- [YOUR OBJECTIVE] Transcribe each record exactly. Omit the pictures.

*** RECORDS PROVIDED

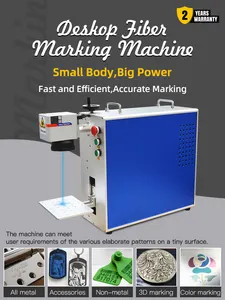 Fonland Cheaper Proatble Fiber Laser Machine 30W Engraver Rotary With MAX Raycus JPT Markng Machine For Metals And Non-Metals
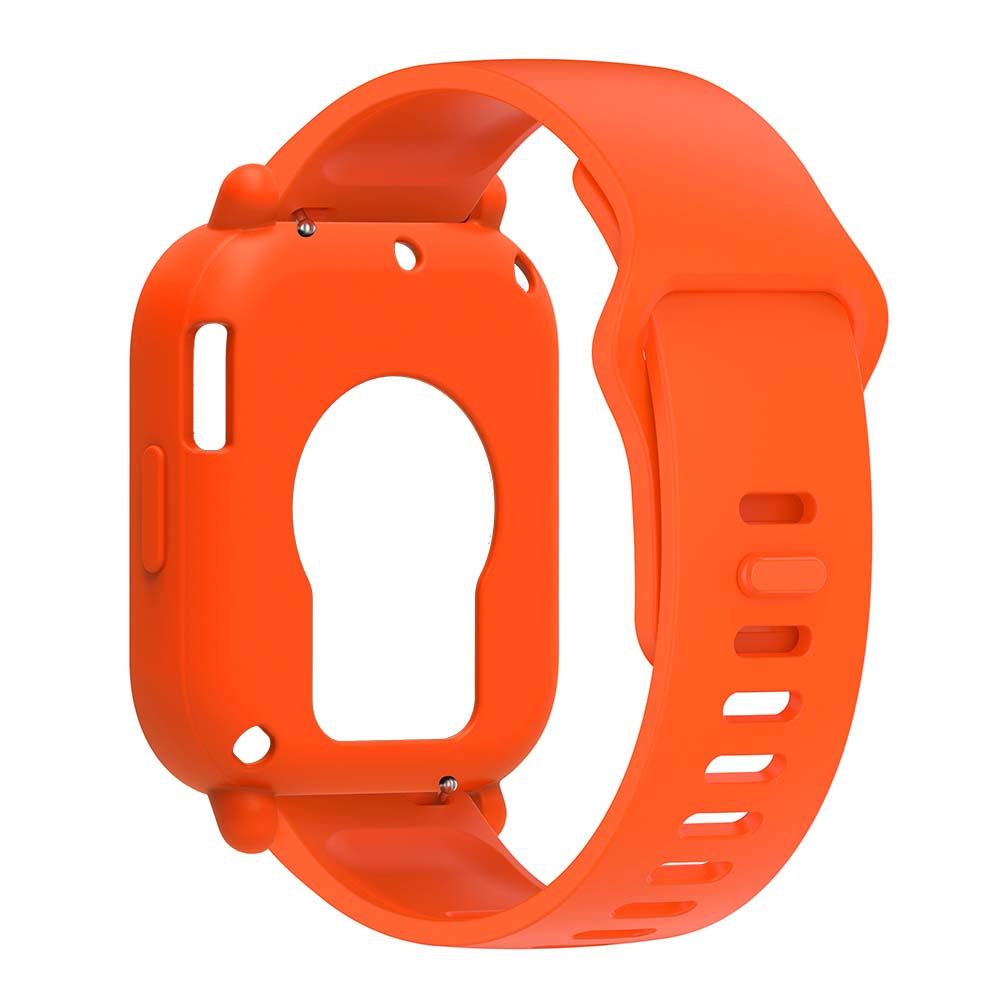 Silicone Watchband +Case For Redmi Watch 5 Active Colorful Sport Wristband for Redmi 5 Lite Elastic Set Wristband Replacement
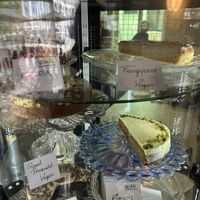 assortment  at Vero Caffe in Bruges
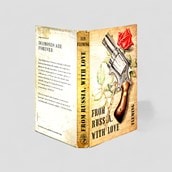 Book Lamp - From Russia With Love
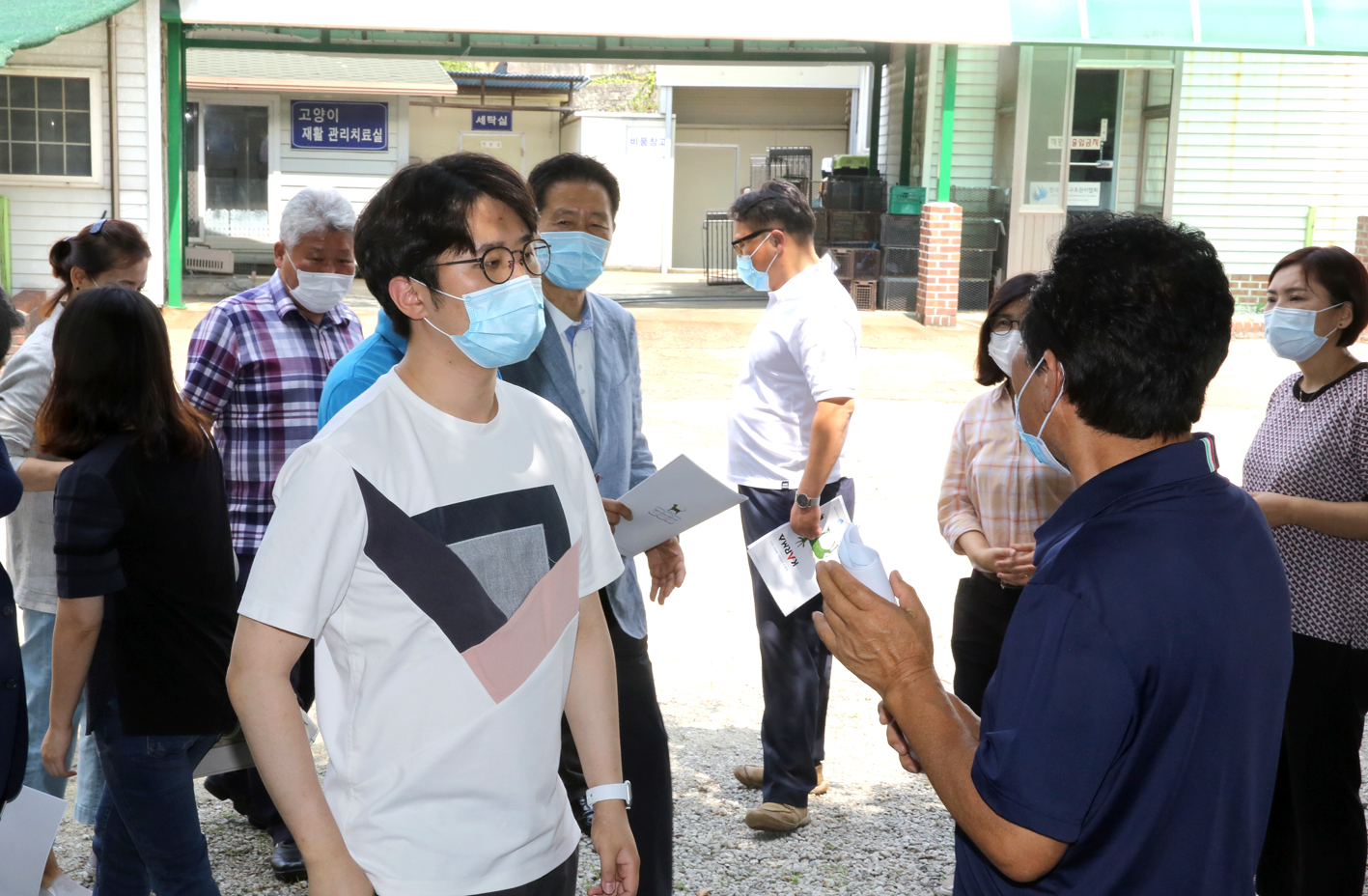 재정건설위원회 한국동물구조관리협회 현장방문 40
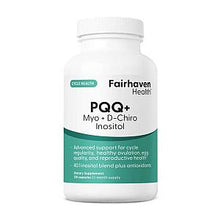 Fairhaven PQQ+ MYO + D-Chiro Inositol 120 caps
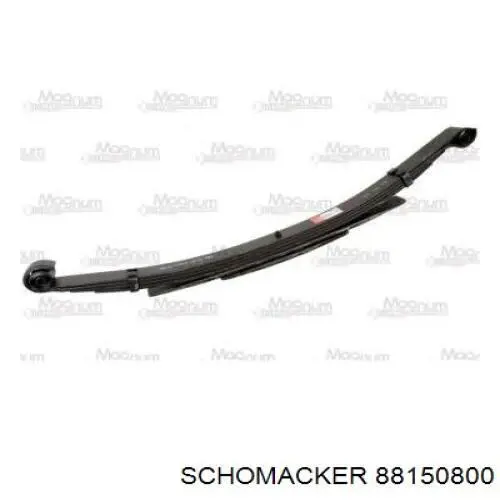 88150800 Schomacker ballesta trasera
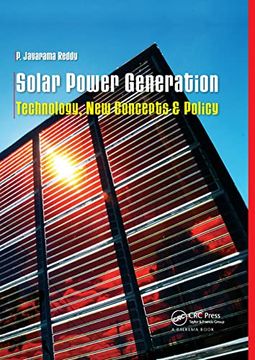 portada Solar Power Generation: Technology, new Concepts & Policy (en Inglés)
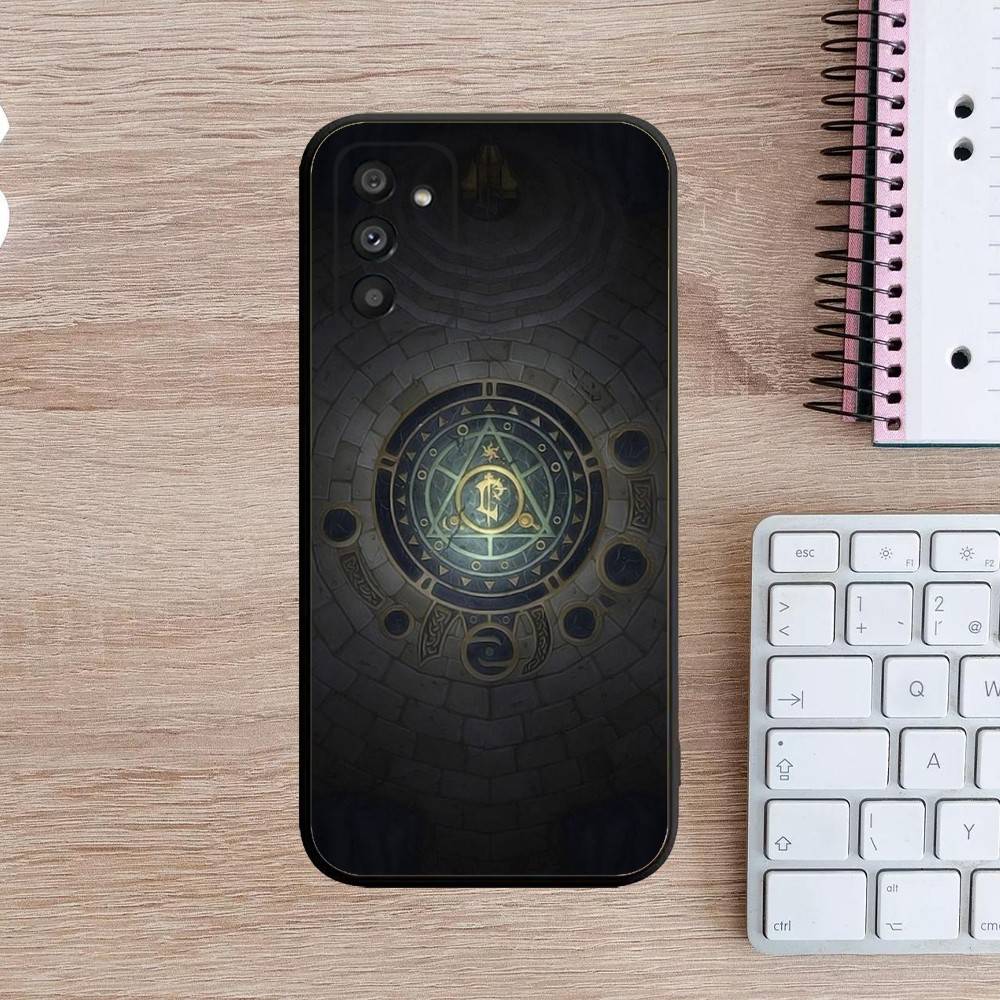 W-World Of W-Warcraft Phone Case For Samsung Galaxy A13,A21s,A22,A31,A32,A52,A53,A71,A80,A91 Soft Black Cover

******

- [EXERCISE OUTPUT]
 Fonland Cheaper Proatble Fiber Laser Machine 30W Engraver Rotary With MAX Raycus JPT Markng Machine For Metals And Non-Metals
 Silicone Watchband +Case For Redmi Watch 5 Active Colorful Sport Wristband for Redmi 5 Lite Elastic Set Wristband Replacement
 assortment  at Vero Caffe in Bruges
 Book Lamp - From Russia With Love
 재정건설위원회 한국동물구조관리협회 현장방문 40
 Fairhaven PQQ+ MYO + D-Chiro Inositol 120 caps
 88150800 Schomacker ballesta trasera
 portada Solar Power Generation: Technology, new Concepts & Policy (en Inglés)
 W-World Of W-Warcraft Phone Case For Samsung Galaxy A13,A21s,A22,A31,A32,A52,A53,A71,A80,A91 Soft Black Cover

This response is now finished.